MATERIALS PROVIDED »
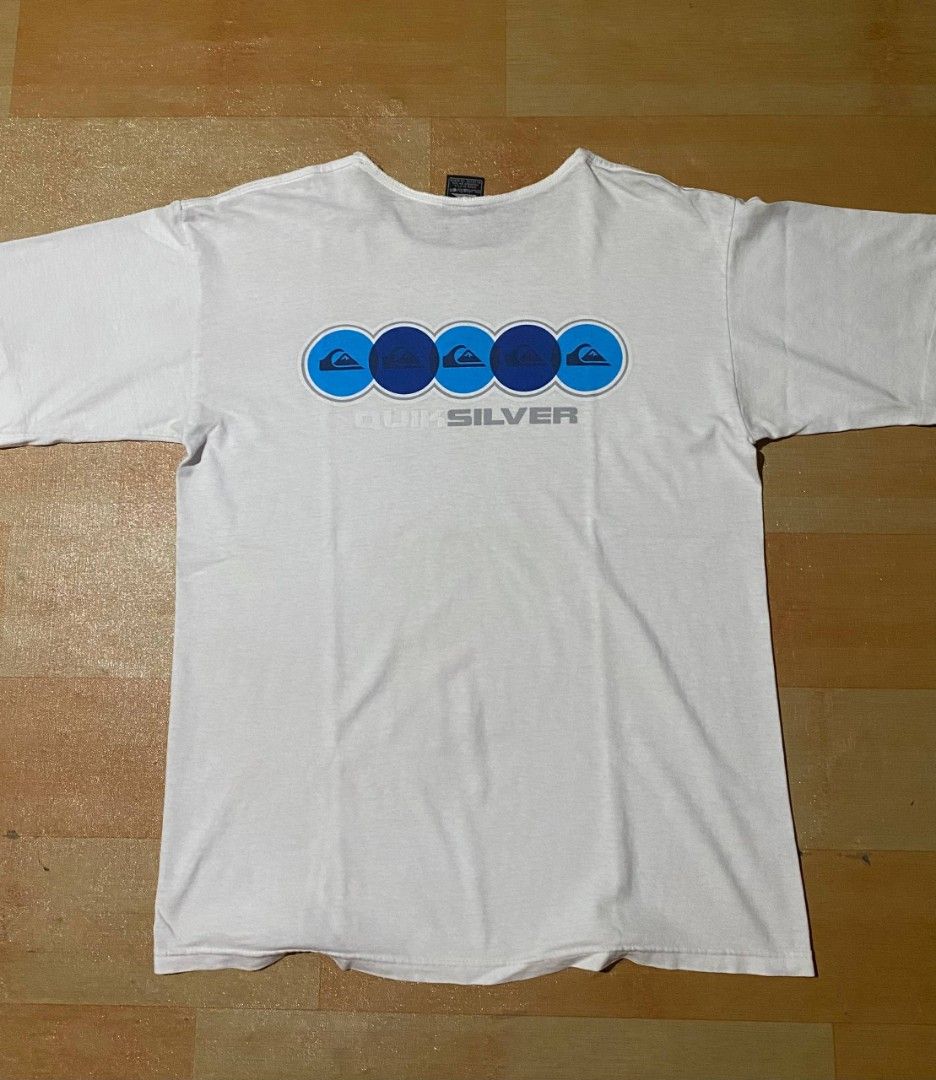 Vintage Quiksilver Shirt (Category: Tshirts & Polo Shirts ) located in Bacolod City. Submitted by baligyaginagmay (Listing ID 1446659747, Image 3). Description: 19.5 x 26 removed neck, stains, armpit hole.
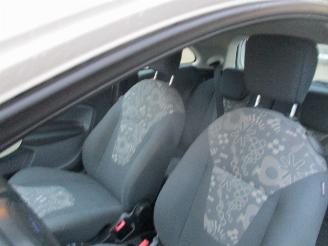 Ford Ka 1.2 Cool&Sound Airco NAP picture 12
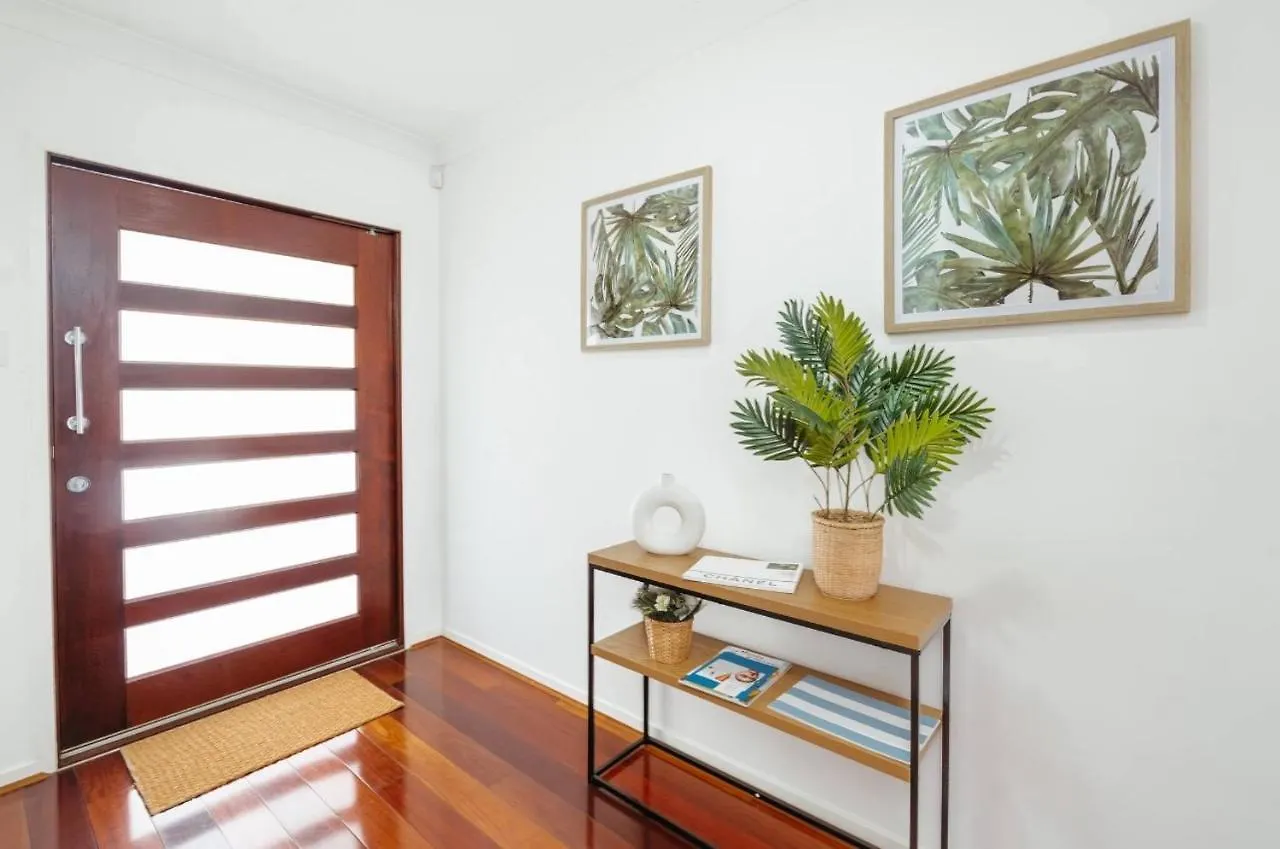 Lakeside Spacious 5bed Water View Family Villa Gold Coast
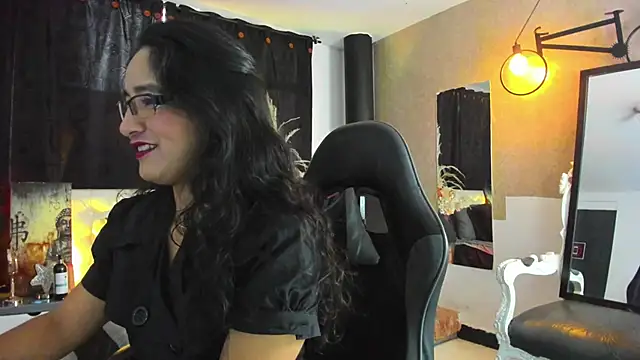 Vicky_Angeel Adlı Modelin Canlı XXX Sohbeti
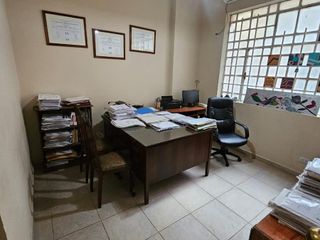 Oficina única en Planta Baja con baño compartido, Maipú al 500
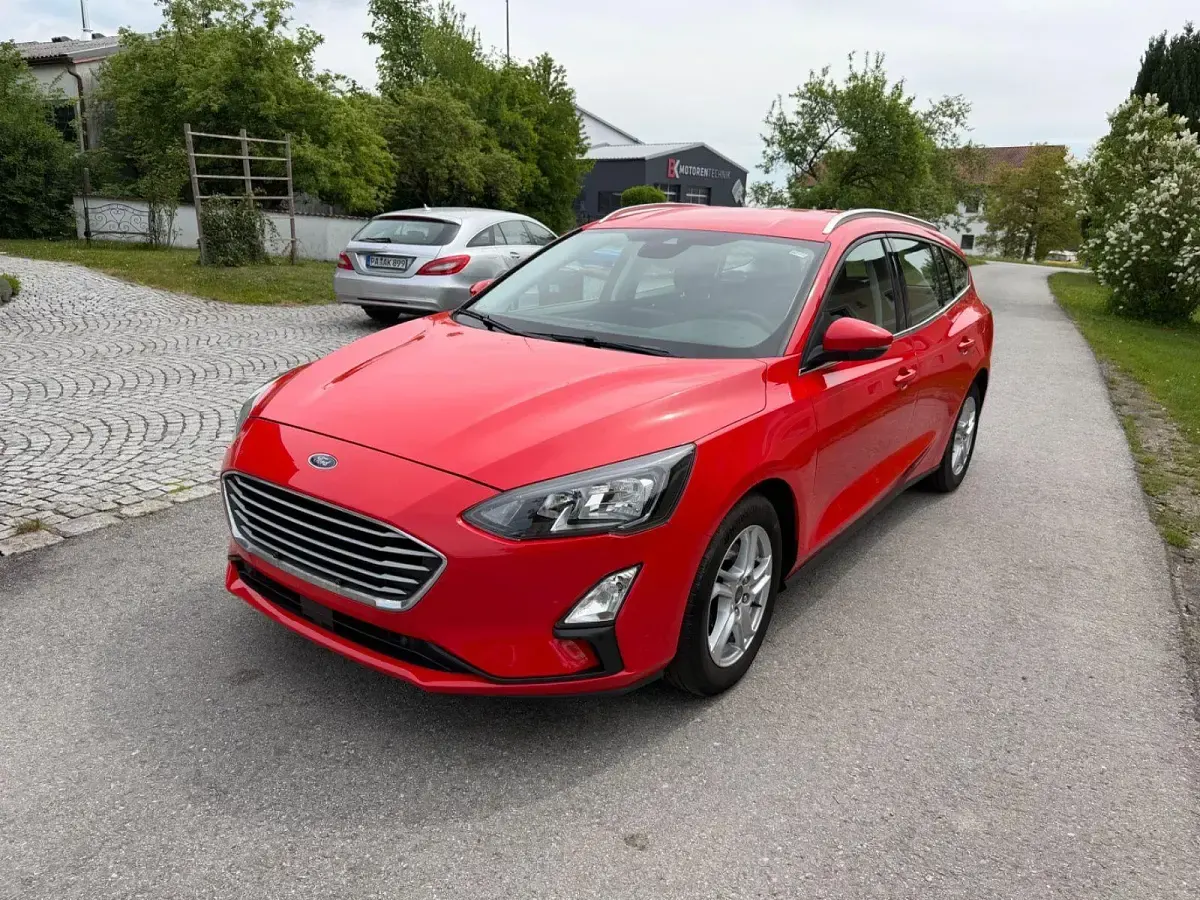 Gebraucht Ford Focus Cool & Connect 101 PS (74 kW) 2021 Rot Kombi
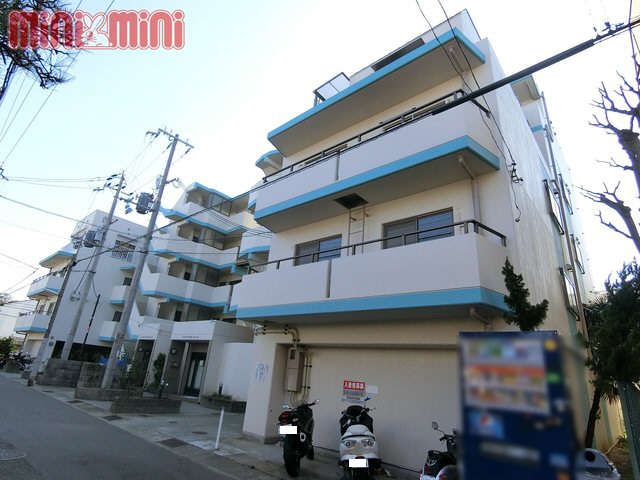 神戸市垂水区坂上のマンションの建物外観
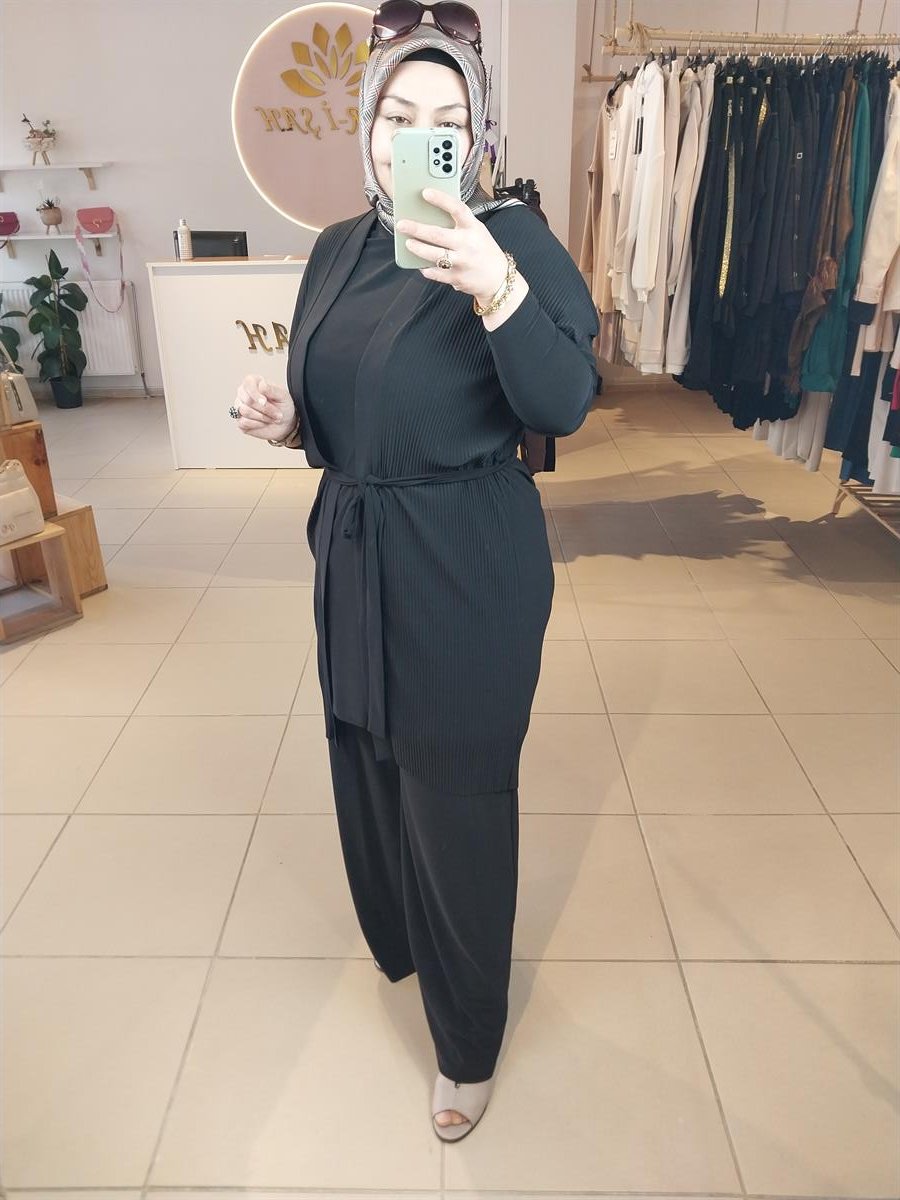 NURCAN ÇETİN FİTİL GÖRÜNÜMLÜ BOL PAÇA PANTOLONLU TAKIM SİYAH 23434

WHAT YOU NEED TO DO » Write the entries out in full and exactly, omitting every picture.

EXERCISE RESPONSE »
 Vintage Quiksilver Shirt (Category: Tshirts & Polo Shirts ) located in Bacolod City. Submitted by baligyaginagmay (Listing ID 1446659747, Image 3). Description: 19.5 x 26 removed neck, stains, armpit hole.
 Ford Ka 1.2 Cool&Sound Airco NAP picture 12
 Lakeside Spacious 5bed Water View Family Villa Gold Coast
 Vicky_Angeel Adlı Modelin Canlı XXX Sohbeti
 Oficina única en Planta Baja con baño compartido, Maipú al 500
 Gebraucht Ford Focus Cool & Connect 101 PS (74 kW) 2021 Rot Kombi
 神戸市垂水区坂上のマンションの建物外観
 NURCAN ÇETİN FİTİL GÖRÜNÜMLÜ BOL PAÇA PANTOLONLU TAKIM SİYAH 23434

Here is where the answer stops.